極上御曹司は失恋OLを新妻に所望する
「あ、ほら、だっていいものじゃないし。どんな親でも自分の親だし……そんなひとが自分を置いて出ていく姿なんて見たくないのが普通でしょ?」
明るい声で口早に言う。
「っていうか、遊び人にモラハラDVで、今回は三股とか……こうなってくると私の付き合い方が悪いのかもしれないって思えてくるよね。普通に付き合ってるつもりだったんだけどなぁ……なにが間違ってたんだろう」
〝なにが〟とかじゃなく、全部が間違っていたのかもしれない。私の感じ方や付き合い方全部が。
答えがでた気がして、目を伏せる。
結局、私が悪かったのかもしれない。

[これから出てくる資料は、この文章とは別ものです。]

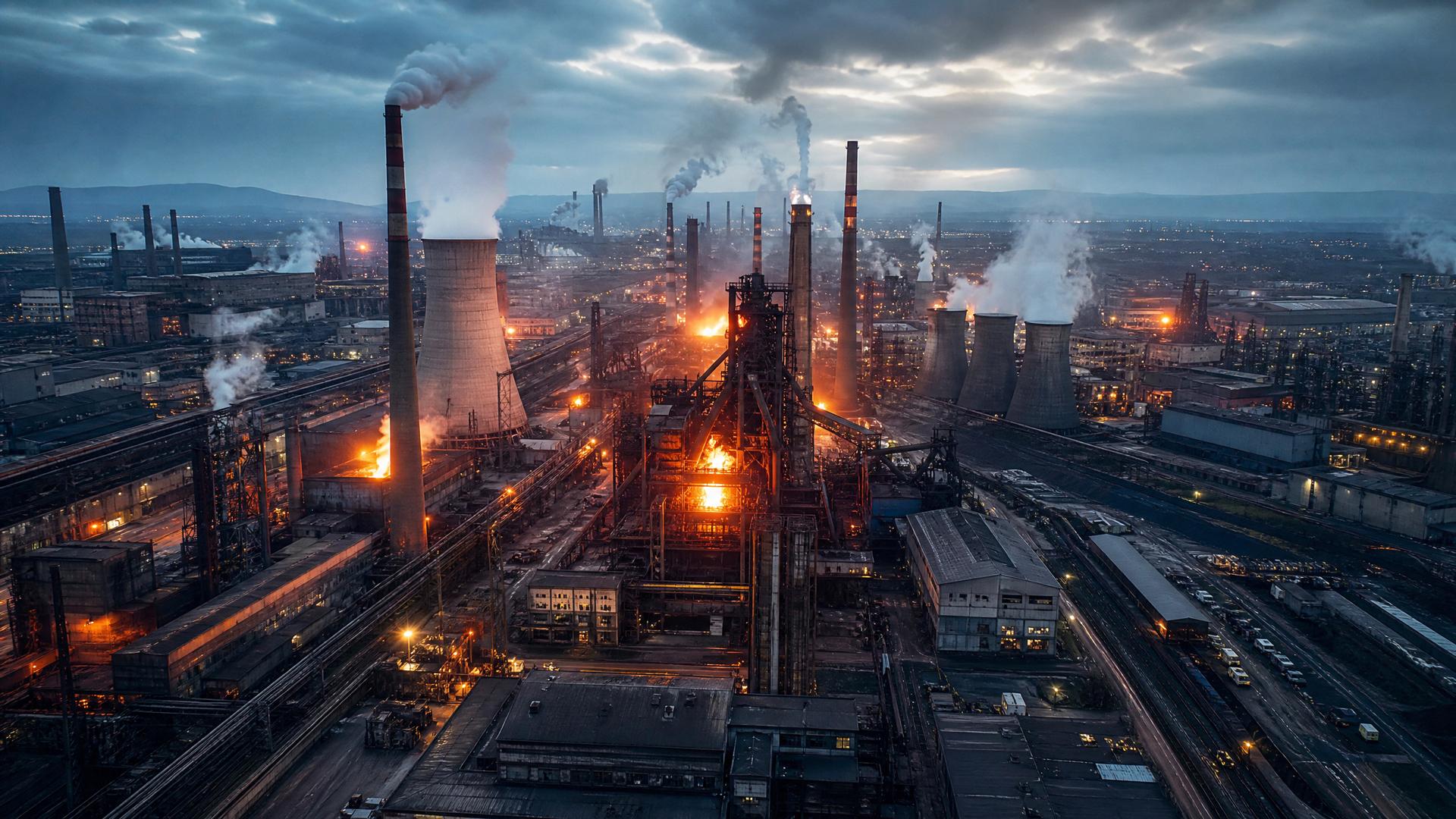 Large industrial steel manufacturing plant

だから、母親だって私を捨てて――。
そんな考えが頭に浮かんだとき。
「嘘ついて騙すほうが悪いに決まってんだろ」
伊月が言う。
同時に、膝の上に置いていた手を握られ驚いたのだけど……隣を見上げてもっと驚いた。
伊月があまりに真面目な眼差しで私を見ていたから。
「おまえは悪くない」
おばあちゃんが見ているテレビの音も、遠くを走る電車の音も、なにも聞こえなくなる。
ただ、伊月の声だけが耳から入り込み胸に響き、私が出した間違えの答えを砕く。
「それに、おまえは冷めてるわけじゃないと思うけど」と続けた伊月が、庭に視線を移す。
「ただ、わがまま言って困らせたくないってそれが一番にくるだけだろ。母親がおまえを邪魔みたいに扱ったせいで、それがトラウマみたいになってるだけだ」
ハッキリと言い切られ言葉を失うと、伊月はそんな私を見て申し訳なさそうな笑みを浮かべた。